How to Graph Linear Equations


Line them up!

Things You'll Need

  • Calculators
  • Pencils
  • Erasers
  • Graph Papers
  • Rulers
  • Draw a pair of perpendicular lines. These are your axes (the plural of "axis"). Label the horizontal axis "x" and the vertical axis "y." Label several different values, both positive and negative, of x and y on both axes. This is the scale of the graph.

  • Remember that your equation should be in the form y = mx + b (if it is in a different form, solve for y in terms of x).

  • Draw a dot on the y axis at y = b. This is the y-intercept of the graph (the point at which the graph crosses the y-axis).

  • Choose a value for x other than 0 and mark this on the x-axis you've drawn. Lightly draw a vertical line that crosses this value of x on your x-axis.

  • Plug the x value you chose into your equation.

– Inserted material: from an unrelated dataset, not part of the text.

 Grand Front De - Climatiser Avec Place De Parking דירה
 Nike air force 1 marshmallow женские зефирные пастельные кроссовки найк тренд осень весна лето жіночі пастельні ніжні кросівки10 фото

  • Solve for y. Lightly draw a horizontal line that crosses this value of y on your y-axis.

  • Make a dot where the two lines you just drew intersect.

  • Draw a straight line between this dot and the y-intercept. Extend this line in both directions to the edges of your graph. This line is the graph of your equation.

Tips & Warnings

  • The value "m" in y = mx + b is the slope of the graph. The slope is the ratio of vertical change to horizontal change between two points on the graph.
  • Example: The graph of the equation y = 2x + 5 has a slope of 2 and crosses the y-axis at y = 5.